(Gewone-) Vrouwenmantel

Alchemilla vulgaris

Bloemen gegroepeerd in de bladoksels, 3 – 4 mm. breed, 4-tallig. Kroonblaadjes afwezig. Kelkblaadjes groen of groenig geel, kruisgewijs geplaatst, spits, met één eindstandig plukje haren. Smalle bijkelklobben tussen de kelkblaadjes, half zo lang. Vier meeldraden, één stamper met een ‘zijwaartse’ stijl. Grondbladeren langgesteeld (4 - 30 cm.); de bladschijf 4 – 10 cm. breed, niervormig, handnervig, met gelobde bladrand; de lobjes regelmatig getand. Iedere ondersoort heeft haar specifieke beharing. Hoogte: 15 – 40 cm. Habitat: Valleitjes en beschutte plaatsen op hellingen, in grasland en ravijnen. Algemeen. Lijkt op: Færoër vrouwenmantel. Bloeitijd: Juni. IJslands: Maríustakkur (Rozenfamilie). De (Gewone-) Vrouwenmantel wordt onderverdeeld in verschillende verscheidene ondersoorten (ssp’s), die soms als aparte soort worden beschouwd; sommige van deze soorten kunnen gemakkelijk van elkaar worden onderscheiden.
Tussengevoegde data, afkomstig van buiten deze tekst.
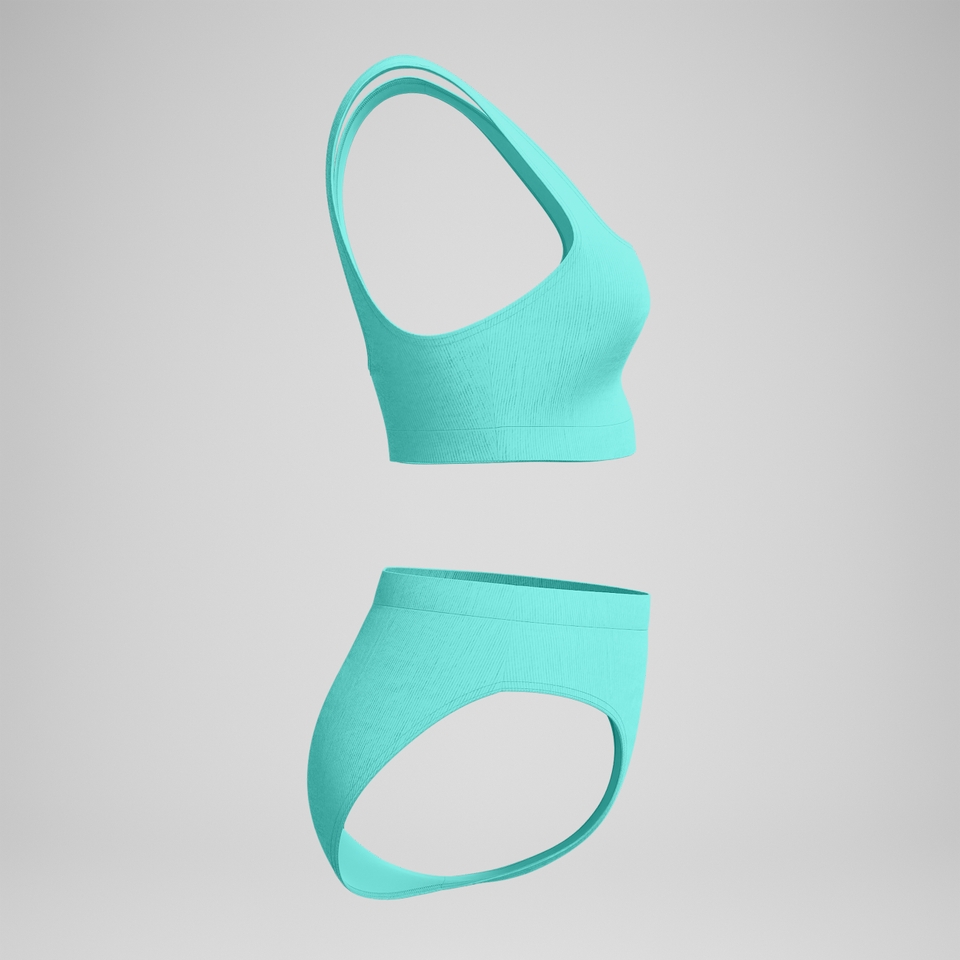 Strukturierter Bikini mit tiefem U-Rückenausschnitt Türkis für Damen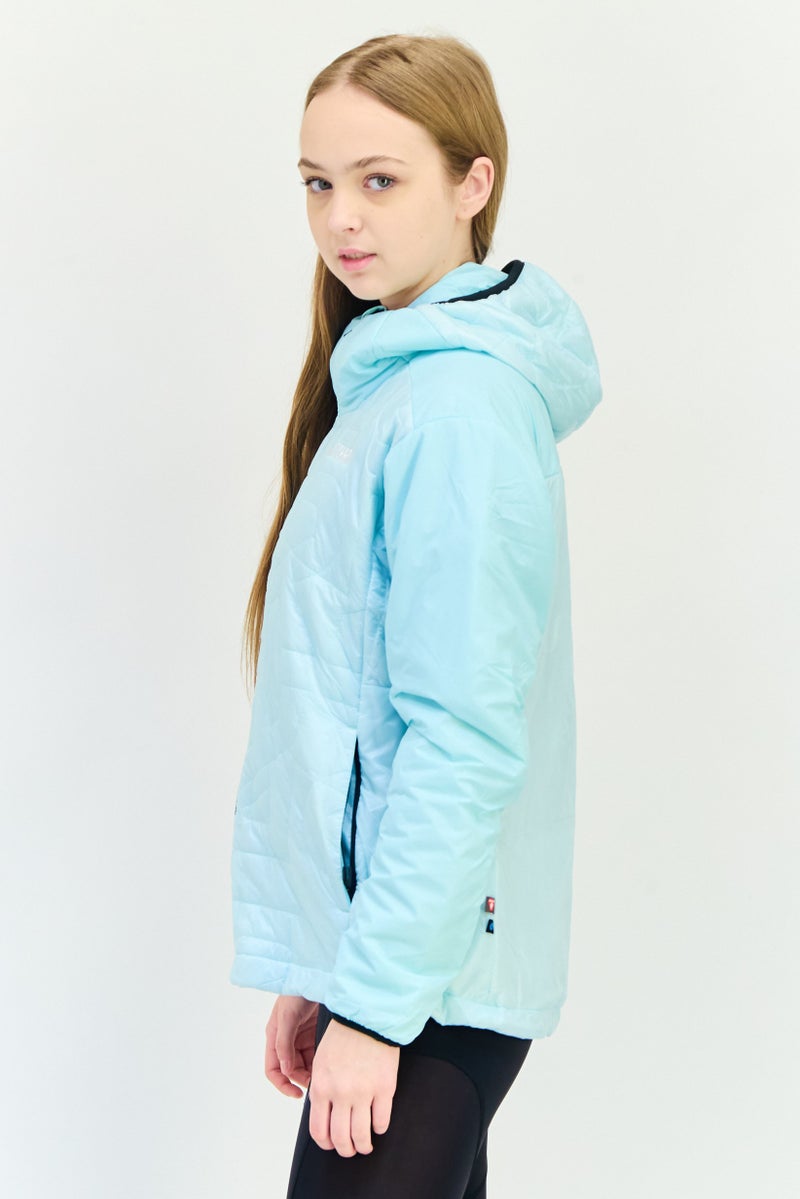 Adidas جاكيت خارجي مزخرف للنساء بقصة عادية، أزرق نعناعي - Image 2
De ondersoort Fijnstengelige of Haarstelige vrouwenmantel (ssp. filicaulis) kan worden herkend aan de uitstaande haren van de stelen. De steeltjes hebben òf uitstaande haren òf ze zijn glad. (Habitat:doorgaans drogere habitats). IJslands: Hliðamaríustakkur. Ssp. glomerulans (Grootbladige vrouwenmantel) heeft teruggeslagen haren aan de stelen en de bovenzijde van de bladeren; de bladeren zijn relatief groot en doorgaans lichter groen. Habitat:Komt ook op grotere hoogtes voor dan de andere ondersoorten. Algemeen in geheel IJsland. IJslands: Hnoðamaríustakkur. Ssp. wichurae (Roodstelige vrouwenmantel) heeft ook teruggeslagen haren aan de stelen, maar de bovenzijde van de bladeren is glad òf met alleen haren bij de nerven. Diepe insnijdingen tussen de bladlobben.Ze heeft tengere en doorgaans roodachtige steeltjes. Ze beperkt zich tot warmere locaties dan de andere ondersoorten en is het algemeenst in Zuid- en West-IJsland, vooral op zonnige kliffen en hellingen. IJslands: Silfurmaríustakkur.